Type 2 diabetes mellitus is one of the largest public health problems worldwide, especially in developing nations such as China [
However, according to a clinical study, up to 73.6% of type 2 diabetic patients suffer from corneal complications, such as punctate keratopathy, endothelial dystrophy, and recurrent erosions [
In contrast to aqueous-deficient dry eye, which is usually caused by a lack of tear production, evaporative dry eye is due to lid-related and ocular surface-related causes such as meibomian gland dysfunction (MGD) and is more frequent [
Corneal changes usually depend on the type, duration, and compensation of diabetes mellitus. In this study, we aimed to analyze the tear film stability and morphological changes in meibomian glands using keratography in diabetic patients compared with nondiabetic controls and to better understand the impact of disease duration on the ocular surface during the course of type 2 diabetes mellitus.
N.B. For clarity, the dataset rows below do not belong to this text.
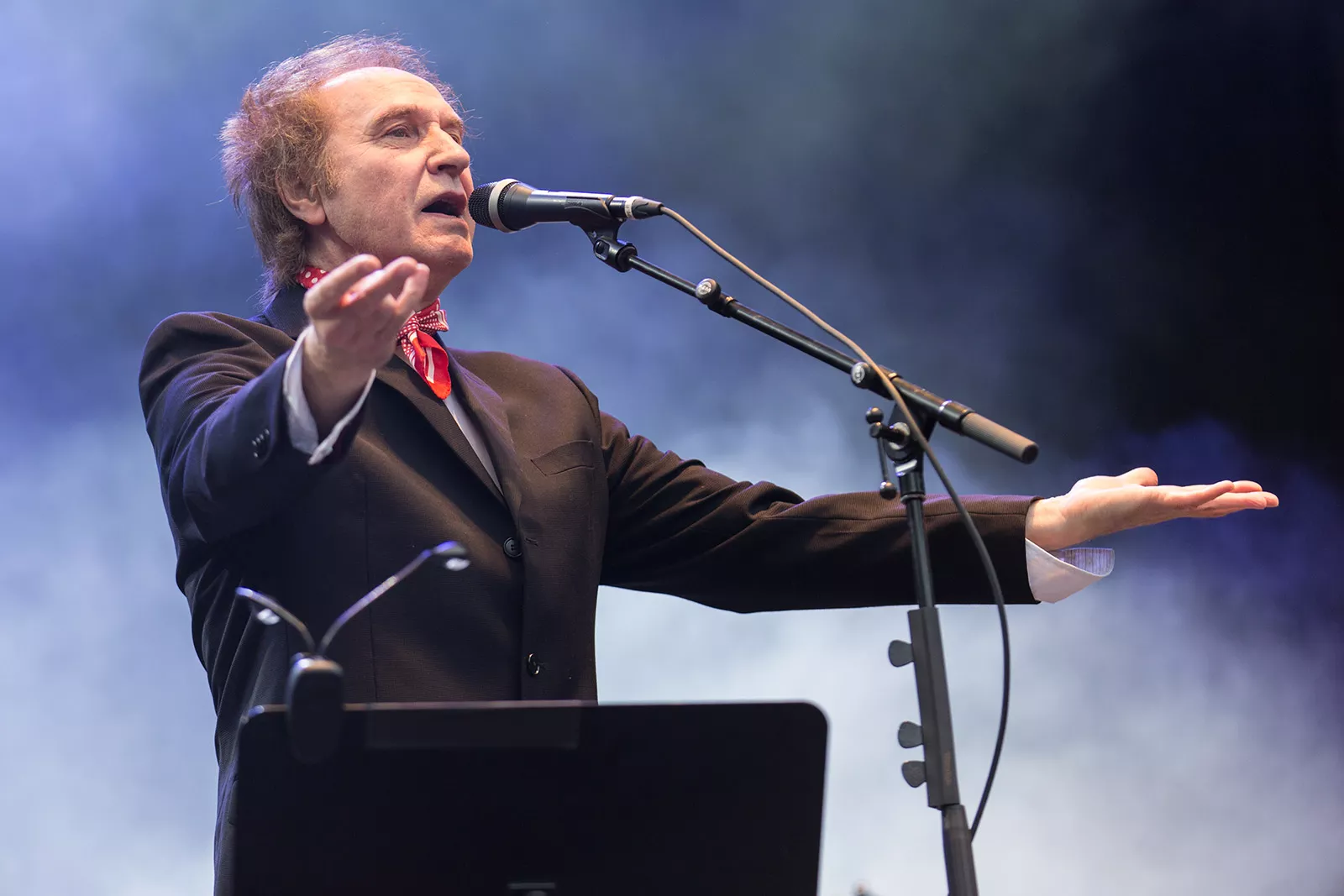 Ray Davies: Hovedscenen, Norwegian Wood
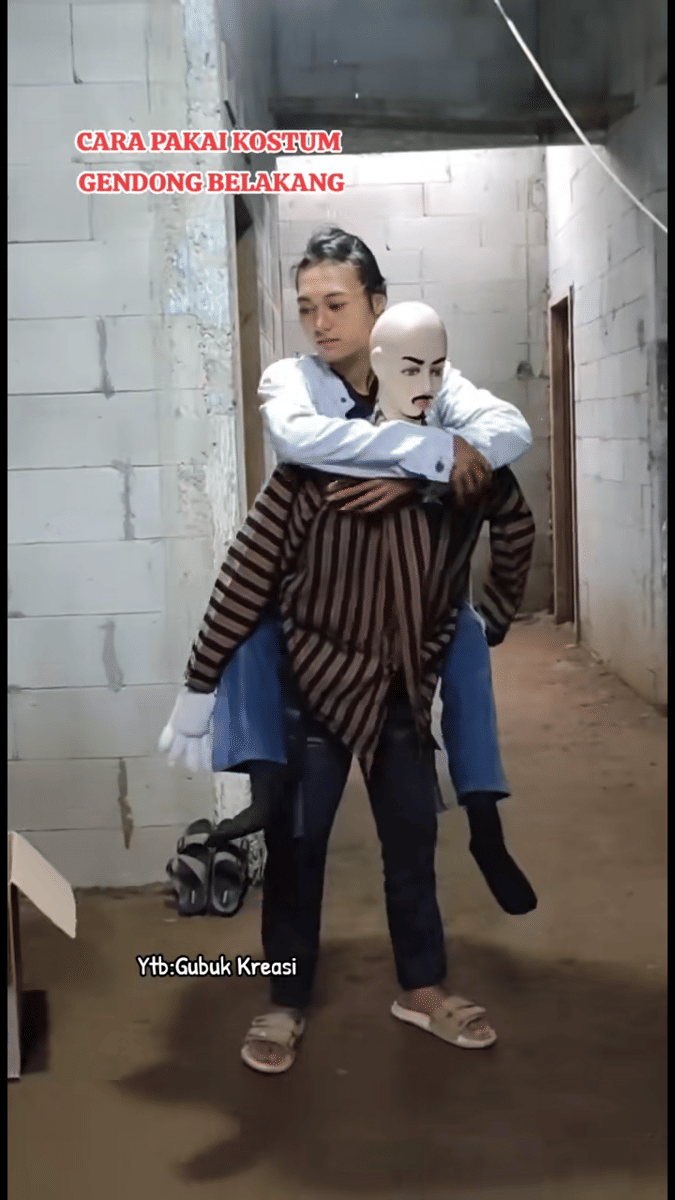 kostum Halloween melokal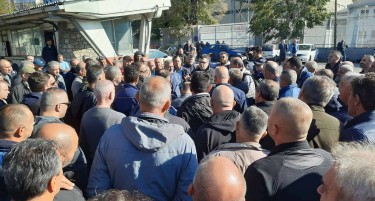 ЈСП и Град Скопје тврдат дека вработени го држат градот  во заложништво, тие раскажуваат за голготата низ која поминуваат (Видео)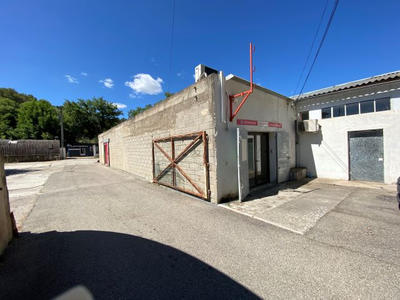 Local commercial - 104 m² - 3 pièces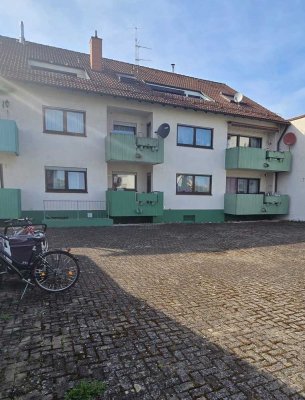 Sonnige 2-Zi.-Wohnung mit Balkon, Garage, barrierefrei, zentral, nach Sanierung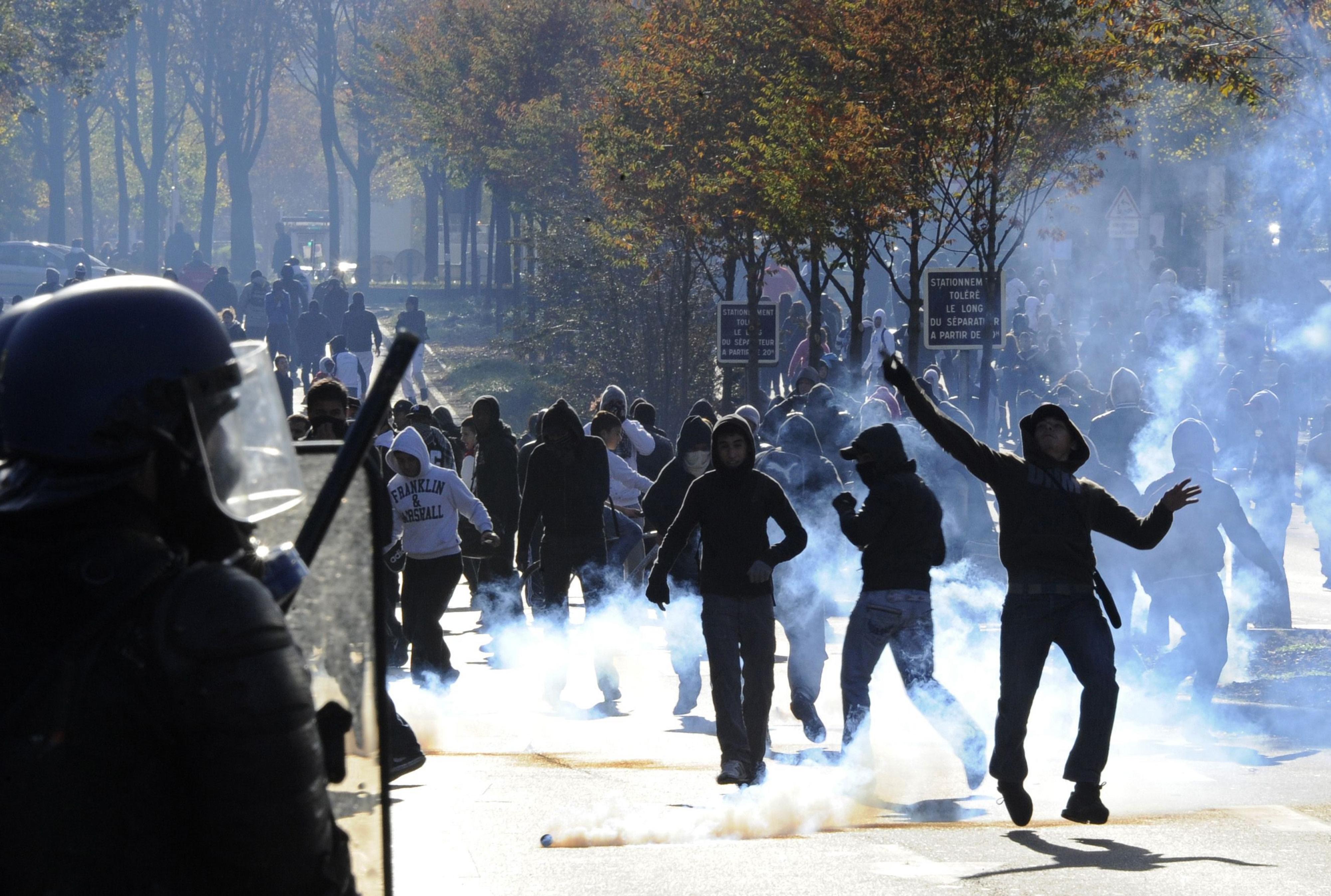 L'apparition de violences dès le début d'une mobilisation est un ...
The study was approved by the Investigational Review Board of Shanghai Ninth People’s Hospital, Shanghai Jiaotong University School of Medicine, Shanghai, China. All subjects enrolled were informed of the aims of this study.
One hundred twenty patients diagnosed with type 2 diabetes mellitus met the inclusion criteria and were enrolled in the study at the Shanghai Ninth People’s Hospital between April 2016 and January 2017. Data were obtained from the right eye of each subject unless this eye was excluded, in which case data were collected from the left eye. The inclusion criteria were as follows: at least 40 years of age and willingness to participate in the study. Patients were excluded if they used topical medications; wore contact lenses; had undergone ocular surgery in the past year or had evidence of other ocular surface diseases; had active ocular infection, inflammation, or systemic disease; or were taking medications that would alter the ocular surface. All diabetic patients had a blood glucose level within the normal range. Diabetic patients were divided into the following three groups according to duration of diabetes since the first diagnosis: less than 5 years, 5–10 years, or more than 10 years. Forty subjects were recruited as nondiabetic controls. The exclusion criteria were similar to those of the control group. Fasting blood glucose was measured to rule out diabetes even in those without a history of diabetes. All patients underwent noninvasive ocular surface examinations in the following order: tear meniscus height (TMH), noninvasive tear film breakup time, bulbar and limbal hyperemia, and grading of meibomian gland loss with the Oculus Keratograph 5M (Wetzlar, Germany). All patients were examined by the same physician (He FL).
All diabetic patients were from the Department of Endocrinology in our hospital. These patients had been followed up over a long period, and disease duration was confirmed by their professional endocrinologists. The data in this article are reliable and were obtained from medical files. The groups were matched by age.
Oculus Keratograph 5M can provide automated measurements of tear film dynamics and meibographic images using infrared light without topical anesthetic, fluorescein staining, cobalt blue light, or manual timing. Measurements of noninvasive breakup time (NIKBUT) obtained with the advanced corneal topographer provide a simple, noninvasive screening test for dry eyes with acceptable sensitivity, specificity, and repeatability [
TMH was measured twice in each eye using infrared images obtained from the keratograph. The lower tear film meniscus images were captured 5 s after blinking, and the values were graded perpendicular to the lower eyelid margin at the central point.
NIKBUT was measured twice in each eye using the Oculus noninvasive Keratograph tear breakup time (NIKBUT) tool. The participants were instructed to blink twice before screening and to keep their eyes open to the best of their ability when recording. The NIKBUT was then determined by Keratograph 5M, which automatically generated two measures for NIKBUT: NIKBUT first (NIKBUT-1st) and NIKBUT average (NIKBUT-avg). NIKBUT-1st represents the time point at which the tear film starts to break up. NIKBUT-avg represents the average time for the overall tear film to break up.
Increased conjunctival redness is often one of the first signs indicating abnormal strain or pathological changes in the eye. Patients were required to open their eyes as wide as possible and focus on a point inside the camera while a keratograph image was captured. The images were then analyzed by the R-SCAN tool following the evaluation protocol. The software analyzed the image automatically and assigned a red eye index (accurate to 0.1 unit).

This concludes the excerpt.